(Data extracted from a collection)

-- Opening Marker --

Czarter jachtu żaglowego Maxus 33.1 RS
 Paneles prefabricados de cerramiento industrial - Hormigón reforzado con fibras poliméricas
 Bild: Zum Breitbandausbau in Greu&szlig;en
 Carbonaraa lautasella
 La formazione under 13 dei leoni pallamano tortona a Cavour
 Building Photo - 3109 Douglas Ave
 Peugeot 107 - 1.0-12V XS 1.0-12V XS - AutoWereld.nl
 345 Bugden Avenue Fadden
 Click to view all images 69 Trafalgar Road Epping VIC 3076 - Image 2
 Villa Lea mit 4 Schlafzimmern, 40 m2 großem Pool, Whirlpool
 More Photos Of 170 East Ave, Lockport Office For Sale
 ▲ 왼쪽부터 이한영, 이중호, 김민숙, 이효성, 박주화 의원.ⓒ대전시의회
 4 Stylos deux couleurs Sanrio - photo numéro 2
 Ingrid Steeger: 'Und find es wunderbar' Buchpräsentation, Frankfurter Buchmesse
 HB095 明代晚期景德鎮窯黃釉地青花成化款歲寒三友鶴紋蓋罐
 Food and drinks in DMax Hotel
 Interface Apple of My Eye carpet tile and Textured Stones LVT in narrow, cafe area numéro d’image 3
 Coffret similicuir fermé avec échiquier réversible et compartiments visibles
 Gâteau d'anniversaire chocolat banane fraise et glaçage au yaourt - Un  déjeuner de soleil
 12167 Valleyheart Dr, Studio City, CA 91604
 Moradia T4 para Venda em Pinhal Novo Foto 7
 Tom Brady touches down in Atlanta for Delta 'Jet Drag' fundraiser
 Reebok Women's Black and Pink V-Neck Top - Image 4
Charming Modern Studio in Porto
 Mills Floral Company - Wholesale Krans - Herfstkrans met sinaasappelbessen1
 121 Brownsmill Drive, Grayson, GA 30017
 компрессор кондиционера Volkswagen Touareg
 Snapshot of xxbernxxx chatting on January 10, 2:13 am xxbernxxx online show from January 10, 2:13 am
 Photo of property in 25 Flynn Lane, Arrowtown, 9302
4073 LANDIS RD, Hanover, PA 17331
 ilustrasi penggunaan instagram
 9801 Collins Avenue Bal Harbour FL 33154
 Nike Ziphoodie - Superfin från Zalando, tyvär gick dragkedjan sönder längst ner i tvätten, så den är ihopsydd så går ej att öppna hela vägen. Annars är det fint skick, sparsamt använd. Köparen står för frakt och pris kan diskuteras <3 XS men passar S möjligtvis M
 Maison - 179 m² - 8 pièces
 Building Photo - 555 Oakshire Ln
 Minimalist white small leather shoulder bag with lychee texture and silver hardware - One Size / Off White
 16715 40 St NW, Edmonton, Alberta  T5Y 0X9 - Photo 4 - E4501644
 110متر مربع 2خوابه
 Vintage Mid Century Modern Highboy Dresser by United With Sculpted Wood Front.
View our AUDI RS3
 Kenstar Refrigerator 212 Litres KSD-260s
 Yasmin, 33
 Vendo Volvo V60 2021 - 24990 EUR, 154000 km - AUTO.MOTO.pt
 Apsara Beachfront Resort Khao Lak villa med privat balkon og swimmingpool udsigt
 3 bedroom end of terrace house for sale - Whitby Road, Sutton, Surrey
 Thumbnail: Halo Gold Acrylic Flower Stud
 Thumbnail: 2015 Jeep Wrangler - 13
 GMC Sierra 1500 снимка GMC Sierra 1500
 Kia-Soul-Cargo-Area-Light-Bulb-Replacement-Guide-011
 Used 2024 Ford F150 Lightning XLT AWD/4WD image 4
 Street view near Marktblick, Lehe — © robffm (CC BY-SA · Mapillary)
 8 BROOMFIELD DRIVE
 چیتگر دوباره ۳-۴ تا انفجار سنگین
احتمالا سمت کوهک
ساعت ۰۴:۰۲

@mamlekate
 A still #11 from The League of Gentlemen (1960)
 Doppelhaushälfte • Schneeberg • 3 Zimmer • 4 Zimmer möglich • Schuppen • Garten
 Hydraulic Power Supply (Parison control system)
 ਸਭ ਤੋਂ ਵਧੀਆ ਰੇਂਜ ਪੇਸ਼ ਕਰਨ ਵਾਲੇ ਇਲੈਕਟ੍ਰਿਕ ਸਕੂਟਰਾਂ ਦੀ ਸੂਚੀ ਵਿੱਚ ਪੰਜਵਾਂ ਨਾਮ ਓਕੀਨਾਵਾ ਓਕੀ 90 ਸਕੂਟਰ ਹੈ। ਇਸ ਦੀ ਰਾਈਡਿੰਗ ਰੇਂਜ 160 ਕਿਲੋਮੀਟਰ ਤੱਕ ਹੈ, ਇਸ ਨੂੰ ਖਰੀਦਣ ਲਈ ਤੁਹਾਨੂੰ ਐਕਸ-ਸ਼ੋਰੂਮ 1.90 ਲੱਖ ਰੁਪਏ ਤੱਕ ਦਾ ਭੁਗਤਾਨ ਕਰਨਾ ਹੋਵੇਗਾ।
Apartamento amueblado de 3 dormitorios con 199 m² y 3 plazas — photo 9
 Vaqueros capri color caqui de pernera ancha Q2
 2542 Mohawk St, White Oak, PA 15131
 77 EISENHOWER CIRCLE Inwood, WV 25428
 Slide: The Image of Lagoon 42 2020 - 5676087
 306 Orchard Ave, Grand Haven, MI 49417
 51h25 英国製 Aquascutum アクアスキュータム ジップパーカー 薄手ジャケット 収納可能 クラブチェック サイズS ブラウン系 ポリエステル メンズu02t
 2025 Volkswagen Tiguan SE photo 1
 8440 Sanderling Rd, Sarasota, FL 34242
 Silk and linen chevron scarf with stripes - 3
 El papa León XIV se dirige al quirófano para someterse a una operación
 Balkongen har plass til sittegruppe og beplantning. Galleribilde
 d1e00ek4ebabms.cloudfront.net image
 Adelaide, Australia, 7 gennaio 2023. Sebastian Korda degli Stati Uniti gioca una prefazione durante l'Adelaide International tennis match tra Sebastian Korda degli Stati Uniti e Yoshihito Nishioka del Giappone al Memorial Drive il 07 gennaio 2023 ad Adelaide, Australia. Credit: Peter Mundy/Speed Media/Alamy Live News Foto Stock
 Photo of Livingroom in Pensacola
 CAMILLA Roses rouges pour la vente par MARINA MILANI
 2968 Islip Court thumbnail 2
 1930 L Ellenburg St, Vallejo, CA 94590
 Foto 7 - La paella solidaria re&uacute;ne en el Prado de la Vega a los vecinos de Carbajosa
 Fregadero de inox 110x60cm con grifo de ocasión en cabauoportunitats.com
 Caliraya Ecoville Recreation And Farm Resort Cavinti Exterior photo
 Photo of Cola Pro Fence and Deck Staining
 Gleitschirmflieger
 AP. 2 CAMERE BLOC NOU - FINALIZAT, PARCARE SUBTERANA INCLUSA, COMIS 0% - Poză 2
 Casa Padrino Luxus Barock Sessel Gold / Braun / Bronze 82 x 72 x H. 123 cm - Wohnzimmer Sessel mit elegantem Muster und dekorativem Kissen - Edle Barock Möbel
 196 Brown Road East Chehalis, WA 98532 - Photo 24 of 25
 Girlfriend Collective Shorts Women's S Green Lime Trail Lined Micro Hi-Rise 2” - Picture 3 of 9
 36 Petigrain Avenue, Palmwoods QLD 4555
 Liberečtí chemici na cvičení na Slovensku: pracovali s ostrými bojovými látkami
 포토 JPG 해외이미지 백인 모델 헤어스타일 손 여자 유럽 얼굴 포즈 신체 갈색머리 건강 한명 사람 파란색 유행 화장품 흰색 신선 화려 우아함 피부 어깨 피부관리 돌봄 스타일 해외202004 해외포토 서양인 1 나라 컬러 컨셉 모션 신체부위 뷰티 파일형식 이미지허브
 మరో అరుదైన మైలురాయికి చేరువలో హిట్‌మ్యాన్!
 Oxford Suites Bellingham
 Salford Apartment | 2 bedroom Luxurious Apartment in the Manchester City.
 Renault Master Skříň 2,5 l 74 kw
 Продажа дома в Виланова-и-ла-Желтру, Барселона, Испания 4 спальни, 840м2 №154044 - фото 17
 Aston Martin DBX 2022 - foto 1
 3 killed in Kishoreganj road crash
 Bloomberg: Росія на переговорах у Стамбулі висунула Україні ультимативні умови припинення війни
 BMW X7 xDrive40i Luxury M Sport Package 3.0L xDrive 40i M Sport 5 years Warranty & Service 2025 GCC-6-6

-- Closing Marker --

▶ [AIM OF THE EXERCISE]
Nothing should appear in the answer except the lines above from the line with "Photo of property" through the line with "16715 40 St", both included, written out exactly.

▶ [ANSWER BOX]
 Photo of property in 25 Flynn Lane, Arrowtown, 9302
4073 LANDIS RD, Hanover, PA 17331
 ilustrasi penggunaan instagram
 9801 Collins Avenue Bal Harbour FL 33154
 Nike Ziphoodie - Superfin från Zalando, tyvär gick dragkedjan sönder längst ner i tvätten, så den är ihopsydd så går ej att öppna hela vägen. Annars är det fint skick, sparsamt använd. Köparen står för frakt och pris kan diskuteras <3 XS men passar S möjligtvis M
 Maison - 179 m² - 8 pièces
 Building Photo - 555 Oakshire Ln
 Minimalist white small leather shoulder bag with lychee texture and silver hardware - One Size / Off White
 16715 40 St NW, Edmonton, Alberta  T5Y 0X9 - Photo 4 - E4501644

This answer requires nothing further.